The night bite by far is my favorite way to target bass! It seems with the silence of the night and lack of vision i become much more in tune with my bait. It usually takes me about an hour to settle in but once a pattern is established it is very easy to fish throughnthe night and forget about sleep. My go to's are a big black SB or tube with rattle insert. Unfortunetly i havent found the time to night fish this year and thats too bad because Inthink it should have been a banner year for it with all the heat. My best nights have been the heat of the summer when its really muggy out.


----------



## lang99 (Mar 6, 2009)

I love night fishing for bass! In the summer month's i fish more at night than day time. I have the best sucess throwing texas rigged plastics (mostly powerworms and beaver style baits) and black jigs worked slowly


----------



## Chef T (Feb 28, 2011)

Love going right after dusk when the night feed bags start.

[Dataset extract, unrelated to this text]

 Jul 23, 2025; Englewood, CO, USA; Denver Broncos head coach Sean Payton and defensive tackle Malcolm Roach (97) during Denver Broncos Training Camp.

I use spinner baits and buzzbaits when the bite is hard. If its slow, I'll throw tubes and flukes. Love fishing by feel at night though, lol.


----------



## Smallmouth Crazy (Apr 4, 2006)

I have been doing most of my fishing this summer at night, 4 or 7" Berkley power worms in black or blue fleck have worked for me as well as jitterbugs and spinnerbaits.


----------



## JohnPD (Jun 12, 2012)

As everyone else said, night fishing is the best imo too.


----------



## striperfreak (Apr 30, 2004)

Yep. Bass went on the feed for an hour after dark. Throwing plastics. same area produced one keeper for 3 hours before dark then when it got black we caught 8 keepers in a half an hour.


----------